Industrialism reached Denmark much later, in the 19th century’s second half, and its factories never scarred the country as the iron forges, steel mills, collieries, shipyards and heavy engineering workshops did Lowland Scotland, transforming a peripheral little country into a great industrial power. Denmark invested more modestly and shrewdly: breweries, shipbuilding, marine diesel engines (which their Danish makers pioneered). After German and Italian unification, Denmark became the smallest state in western and central Europe. Excepting Iceland and the Faroes, it had no secure colonial markets – it had abandoned its little outposts in India and Africa by 1850 – which meant that, unlike Scottish and British industry, it never suffered their confounding loss.

Like Germany and Japan, Denmark might be said to owe its successful society to a national humiliation. In 1863, for famously complicated reasons including the view of romantic nationalism that national boundaries should be determined by language, it laid claim to the duchy of Schleswig. All hell broke loose. Austria and Prussia, then under Otto von Bismarck’s leadership, declared war and within six months inflicted a crushing defeat on Denmark that shrank the size of its population and territory – the opposite of its intention.

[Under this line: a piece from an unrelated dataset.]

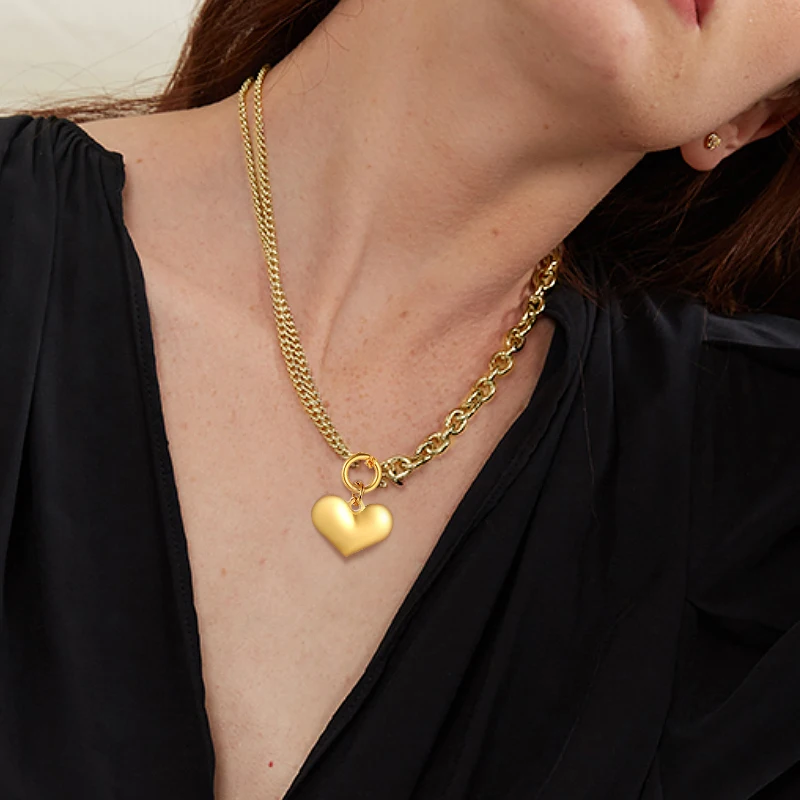 Heart Stainless Steel Women Necklace Chunky Chain Link Women Love Danity Pendant Love Gift to Mom
Heart Stainless Steel Women Necklace Chunky Chain Link Women Love Danity Pendant Love Gift to Mom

In the description of the historian Bo Lidegaard, the damage to Denmark’s national pride “became a defining national trauma” over several generations. The country turned in on itself. It compensated territorial losses with schemes for land reclamation, turning moors into pastures and conifer plantations, and began to specialise in dairy produce and animal husbandry, happy to boast that it supplied Britain with so many breakfasts. Many of its new dairy farms were run as co-operatives. Again to quote Lidegaard, the co-op movement developed into “both an important feature of society and a centrepiece of Danish self-perception … a strong model for social progress through co-operative action rather than through social confrontation”.

Nationalism had been a fragile glory. The serious inspiriting of the nation needed certain conditions and a certain time. When will Scotland be like Denmark? In 50 years or a hundred? If it happens, it will have been worth the wait.